Obama appeared frustrated Thursday as he took the podium in the James Brady White House Briefing Room — named for the former press secretary who was shot and severely wounded in an assassination attempt on then-President Ronald Reagan — after news broke about the shooting at an Oregon community college. The Democratic president said gun laws need to change but he couldn't do it himself.

"I've got to have a Congress," Obama said, "and I've got to have state legislatures and governors who are willing to work with me on this."

Asked Friday about that comment and what governors can do, Herbert pivoted, saying that bullying at a young age can prompt more serious problems later in life and that the focus on halting such mass shootings is through education.

"Violence and the outcome of violence starts at a younger age when we see bullying that is not contained and not controlled," Herbert said. "So teaching good values and good principles are a very significant part of what the president is talking about."

Herbert added, "I think that would actually make a bigger difference, not just on the short term but on the long term, than creating some new law prohibiting the carrying of a weapon."

The Utah governor, who made a whirlwind tour of Washington this week to promote his agenda as head of the NGA, discussed a variety of topics at the National Press Club, from Utah's landmark nondiscrimination law, to the Affordable Care Act to the presidential race.

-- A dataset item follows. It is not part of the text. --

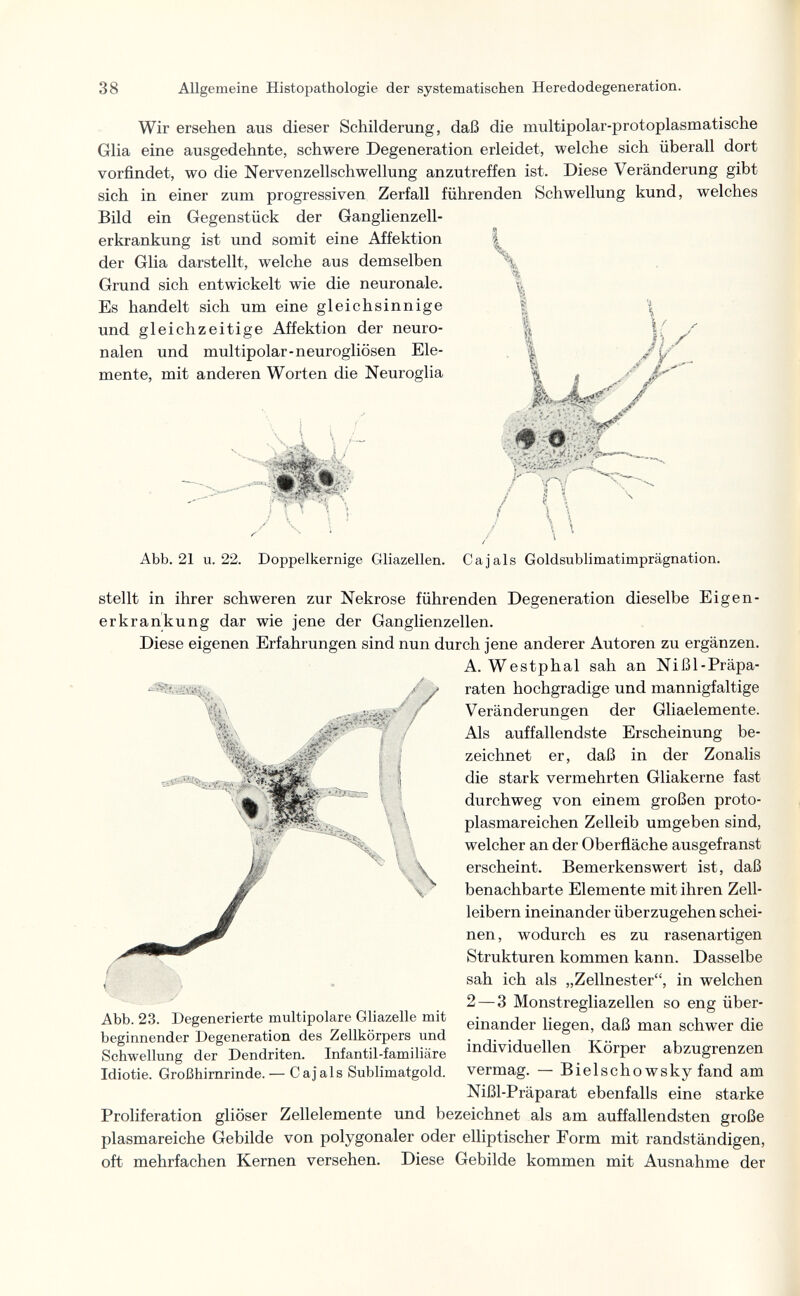 38 Allgemeine Histopathologie der systematischen Heredodegeneration. Wir ersehen aus dieser Schilderung, daß die multipolar-protoplasmatische Glia eine ausgedehnte, schwere Degeneration erleidet, welche sich überall dort vorfindet, wo die Nervenzellschwellung anzutreffen ist. Diese Veränderung gibt sich in einer zum progressiven Zerfall führenden Schwellung kund, welches Bild ein Gegenstück der Ganglienzell¬ erkrankung ist und somit eine Affektion der Glia darstellt, welche aus demselben Grund sich entwickelt wie die neuronale. Es handelt sich um eine gleichsinnige und gleichzeitige Affektion der neuro¬ nalen und multipolar-neurogliösen Ele¬ mente, mit anderen Worten die Neuroglia Abb. 21 u. 22. Doppelkernige Gliazellen. Ca jais Goldsublimatimprägnation. stellt in ihrer schweren zur Nekrose führenden Degeneration dieselbe Eigen¬ er krankung dar wie jene der Ganglienzellen. Diese eigenen Erfahrungen sind nun durch jene anderer Autoren zu ergänzen. A. Westphal sah an Nißl-Präpa- raten hochgradige und mannigfaltige Veränderungen der Gliaelemente. Als auffallendste Erscheinung be¬ zeichnet er, daß in der Zonalis die stark vermehrten Gliakerne fast durchweg von einem großen proto¬ plasmareichen Zelleib umgeben sind, welcher an der Oberñache ausgefranst erscheint. Bemerkenswert ist, daß benachbarte Elemente mit ihren Zell¬ leibern ineinander überzugehen schei¬ nen, wodurch es zu rasenartigen Strukturen kommen kann. Dasselbe sah ich als „Zellnester, in welchen 2—3 Monstregliazellen so eng über¬ einander liegen, daß man schwer die individuellen Körper abzugrenzen vermag. — Bielschowsky fand am Nißl-Präparat ebenfalls eine starke Proliferation gliöser Zellelemente und bezeichnet als am auffallendsten große plasmareiche Gebilde von polygonaler oder elliptischer Form mit randständigen, oft mehrfachen Kernen versehen. Diese Gebilde kommen mit Ausnahme der Abb. 23. Degenerierte multipolare Gliazelle mit beginnender Degeneration des Zellkörpers und Schwellung der Dendriten. Infantil-familiäre Idiotie. Großhirnrinde. — Cajals Sublimatgold.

Herbert said he would call the GOP-controlled Utah Legislature into session later this month to vote on a new proposal to expand Medicaid coverage in Utah — a negotiated alternative to Herbert's own Healthy Utah plan that failed to gain support. But the governor didn't know if he had enough votes to pass it.

"I don't know what's going to happen," he said, noting that taxpayers in states without any Medicaid expansion, or alternative, are paying taxes that are going elsewhere.

In his Friday speech, Herbert continued the theme of his trip: that the federal government is too big and too heavy handed when it comes to the states. He said the combined budgets of the 50 states totals $1.7 trillion but the federal government's budget is now nearly $4 trillion.

"We're asking Washington," Herbert said, "to do too many things for too many people."